One of many advantages to visiting a country with the help of locals is that they know where the more interesting and out of the way places are. Anyone can take a selfie in front of the most iconic example of architecture that a country has to offer, but this strikes me as a rather facile oversimplification of what it means to be in that country. I’m far more interested in the esoteric beauty, sights and experiences that a country hides a bit deeper beneath the surface.
Mrs. Beorn and I are quite fond a style of tile which the Portuguese adapted from North Africa, called Azulejo. Our visit to the Museu Nacional do Azulejos in Lisbon was a personal favorite. In an age of automation and disposable goods, seeing entire walls and buildings covered in painstakingly hand-painted tiles is awe inspiring. I am particularly fascinated by the intersections of cultures and Azulejos represent an intriguing hybrid between Arabic and Christian cultures and artistic styles.
We were able to make time on our trip for some geeky fun, and met up with another member of the community named Nuno for a night of board games and traditional Portuguese food. We learned to play a new, and devilishly challenging, cooperative game called Magic Maze. The premise of this game was quite amusing, as you are a band of fantasy adventurers trying to escape from a shopping mall. It’s interesting how even seemingly insignificant details can highlight the differences between two places and peoples.
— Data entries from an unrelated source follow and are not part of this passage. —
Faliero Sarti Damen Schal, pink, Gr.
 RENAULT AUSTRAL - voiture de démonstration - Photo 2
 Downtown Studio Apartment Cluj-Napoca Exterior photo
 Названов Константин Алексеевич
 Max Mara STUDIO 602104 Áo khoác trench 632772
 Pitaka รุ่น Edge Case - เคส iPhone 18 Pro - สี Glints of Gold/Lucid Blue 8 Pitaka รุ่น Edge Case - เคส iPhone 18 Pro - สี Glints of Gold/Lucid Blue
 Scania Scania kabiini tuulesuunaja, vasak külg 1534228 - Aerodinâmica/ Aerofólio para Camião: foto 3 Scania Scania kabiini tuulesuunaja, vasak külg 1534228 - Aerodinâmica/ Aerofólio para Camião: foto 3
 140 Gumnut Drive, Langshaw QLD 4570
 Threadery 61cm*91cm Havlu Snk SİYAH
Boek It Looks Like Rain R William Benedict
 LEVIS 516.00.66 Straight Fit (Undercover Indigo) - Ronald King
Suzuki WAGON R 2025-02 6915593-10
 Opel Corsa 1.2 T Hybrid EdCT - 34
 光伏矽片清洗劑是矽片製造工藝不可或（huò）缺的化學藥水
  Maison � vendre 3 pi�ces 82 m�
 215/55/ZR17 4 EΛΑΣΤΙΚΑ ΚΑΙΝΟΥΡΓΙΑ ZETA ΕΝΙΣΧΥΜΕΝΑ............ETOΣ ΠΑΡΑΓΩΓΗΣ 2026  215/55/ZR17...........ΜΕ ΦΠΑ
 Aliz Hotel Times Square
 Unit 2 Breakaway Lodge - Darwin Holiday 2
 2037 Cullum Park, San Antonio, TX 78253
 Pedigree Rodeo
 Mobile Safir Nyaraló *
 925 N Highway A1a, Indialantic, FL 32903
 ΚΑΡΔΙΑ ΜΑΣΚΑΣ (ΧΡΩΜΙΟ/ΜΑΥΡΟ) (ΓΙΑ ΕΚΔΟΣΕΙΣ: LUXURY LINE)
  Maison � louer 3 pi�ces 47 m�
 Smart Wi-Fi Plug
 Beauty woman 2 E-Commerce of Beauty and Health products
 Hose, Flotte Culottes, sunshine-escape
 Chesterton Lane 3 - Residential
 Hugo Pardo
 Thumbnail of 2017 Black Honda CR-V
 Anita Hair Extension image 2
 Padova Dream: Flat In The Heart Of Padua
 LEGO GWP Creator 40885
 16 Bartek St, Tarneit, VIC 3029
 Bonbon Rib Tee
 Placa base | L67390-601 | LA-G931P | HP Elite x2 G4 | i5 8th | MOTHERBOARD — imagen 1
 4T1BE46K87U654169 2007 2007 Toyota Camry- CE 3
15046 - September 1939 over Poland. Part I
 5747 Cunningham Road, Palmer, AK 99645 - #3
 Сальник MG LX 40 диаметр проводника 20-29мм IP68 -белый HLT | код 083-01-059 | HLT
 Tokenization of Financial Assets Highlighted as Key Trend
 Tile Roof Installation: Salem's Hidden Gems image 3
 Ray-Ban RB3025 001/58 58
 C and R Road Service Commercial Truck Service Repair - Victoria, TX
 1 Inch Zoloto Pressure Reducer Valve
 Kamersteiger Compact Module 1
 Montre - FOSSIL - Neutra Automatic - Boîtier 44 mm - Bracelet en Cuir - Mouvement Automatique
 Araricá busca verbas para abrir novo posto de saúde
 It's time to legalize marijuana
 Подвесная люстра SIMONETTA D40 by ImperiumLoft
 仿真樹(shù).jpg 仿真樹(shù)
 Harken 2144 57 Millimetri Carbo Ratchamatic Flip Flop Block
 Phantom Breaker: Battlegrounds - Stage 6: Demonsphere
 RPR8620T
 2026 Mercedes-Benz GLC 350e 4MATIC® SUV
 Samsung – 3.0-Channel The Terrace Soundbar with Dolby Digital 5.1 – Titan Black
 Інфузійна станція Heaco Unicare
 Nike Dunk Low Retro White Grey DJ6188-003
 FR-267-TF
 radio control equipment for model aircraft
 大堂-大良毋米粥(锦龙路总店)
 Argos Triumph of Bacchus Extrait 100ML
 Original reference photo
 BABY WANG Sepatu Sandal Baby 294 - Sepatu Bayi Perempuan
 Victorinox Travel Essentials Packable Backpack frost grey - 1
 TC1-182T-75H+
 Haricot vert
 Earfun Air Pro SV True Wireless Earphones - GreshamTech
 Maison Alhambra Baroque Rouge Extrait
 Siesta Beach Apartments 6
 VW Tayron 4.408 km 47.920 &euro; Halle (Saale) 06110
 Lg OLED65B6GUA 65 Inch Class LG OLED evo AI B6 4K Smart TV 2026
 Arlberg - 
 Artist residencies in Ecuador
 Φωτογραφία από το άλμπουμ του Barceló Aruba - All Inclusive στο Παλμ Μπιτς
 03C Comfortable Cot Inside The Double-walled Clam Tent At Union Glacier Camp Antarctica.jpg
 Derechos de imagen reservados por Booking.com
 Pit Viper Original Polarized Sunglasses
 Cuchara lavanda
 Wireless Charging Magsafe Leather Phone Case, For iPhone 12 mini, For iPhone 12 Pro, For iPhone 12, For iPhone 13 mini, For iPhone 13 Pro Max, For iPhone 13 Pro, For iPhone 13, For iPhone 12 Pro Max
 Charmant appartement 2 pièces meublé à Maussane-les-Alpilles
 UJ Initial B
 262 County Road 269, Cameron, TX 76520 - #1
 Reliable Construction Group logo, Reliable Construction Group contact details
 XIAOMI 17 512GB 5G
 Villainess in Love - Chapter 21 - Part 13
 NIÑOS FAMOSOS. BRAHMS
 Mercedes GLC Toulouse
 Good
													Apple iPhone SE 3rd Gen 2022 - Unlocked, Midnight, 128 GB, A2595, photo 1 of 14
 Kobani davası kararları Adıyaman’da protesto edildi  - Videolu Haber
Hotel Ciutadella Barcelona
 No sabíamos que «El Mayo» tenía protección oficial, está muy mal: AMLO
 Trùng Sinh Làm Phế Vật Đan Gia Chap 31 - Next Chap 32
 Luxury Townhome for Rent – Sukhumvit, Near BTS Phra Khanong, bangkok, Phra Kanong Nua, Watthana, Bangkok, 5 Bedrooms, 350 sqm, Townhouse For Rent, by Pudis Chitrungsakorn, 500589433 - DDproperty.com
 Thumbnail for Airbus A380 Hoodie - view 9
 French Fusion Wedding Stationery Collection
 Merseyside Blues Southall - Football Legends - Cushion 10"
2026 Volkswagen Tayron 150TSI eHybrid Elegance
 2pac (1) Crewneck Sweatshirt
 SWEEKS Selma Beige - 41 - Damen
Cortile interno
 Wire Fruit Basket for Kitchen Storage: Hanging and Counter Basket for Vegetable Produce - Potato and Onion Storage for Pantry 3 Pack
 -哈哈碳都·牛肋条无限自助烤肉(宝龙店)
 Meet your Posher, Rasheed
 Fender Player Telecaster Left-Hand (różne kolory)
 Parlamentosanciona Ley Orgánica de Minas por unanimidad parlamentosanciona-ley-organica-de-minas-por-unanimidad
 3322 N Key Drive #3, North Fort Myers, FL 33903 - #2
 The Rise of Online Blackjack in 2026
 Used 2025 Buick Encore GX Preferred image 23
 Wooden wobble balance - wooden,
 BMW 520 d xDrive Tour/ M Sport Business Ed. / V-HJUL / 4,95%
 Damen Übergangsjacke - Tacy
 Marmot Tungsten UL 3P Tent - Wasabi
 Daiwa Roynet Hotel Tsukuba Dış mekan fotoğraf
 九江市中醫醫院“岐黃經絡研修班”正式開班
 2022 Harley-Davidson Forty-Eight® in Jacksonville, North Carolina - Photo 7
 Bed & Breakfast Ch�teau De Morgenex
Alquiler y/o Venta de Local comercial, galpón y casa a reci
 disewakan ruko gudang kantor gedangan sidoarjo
Travel can’t help but make one a bit introspective about one’s own society. This game’s silly premise along with the general contrast of being in Portugal, caused me turn a critical eye to my native culture. In America, much of our society is deeply obsessed with physical possessions as an outward symbol of status and “happiness”. I’m a simple bear, looking to enjoy experiences, meet new people and broaden my perspective on life. My adventurous sense of freedom, and even stubborn assertion of individuality certainly fit with the culture that I was born into. However, I completely reject the notion that my success is defined by how many things I own.
The more that I travel, I realize that I am part of a community that is unique. So many genuinely warm and caring people are part of the online world which has built itself around this game, and I am deeply appreciative to find joy in a beautiful and fragile thing. The internet has changed many aspects of our world, for the better and the worse. It seems to me far easier to tear something down through destructive acts, or even let it deteriorate through neglect, than it is to build it up through toil and diligence. I am grateful to all of the people who I’ve met through this game, and all of those who I will never meet but whose work benefits me every day. Being fortunate enough to experience the breadth of good in this community inspires me to never take it for granted.
For those might prefer more of the game-related content, and less of an old Bear’s ramblings, I haven’t forgotten you. Here is a thematic Ranger deck which I designed, in my great fuzzy head, while I wandered the fog-covered streets of Porto. Safe travels everyone!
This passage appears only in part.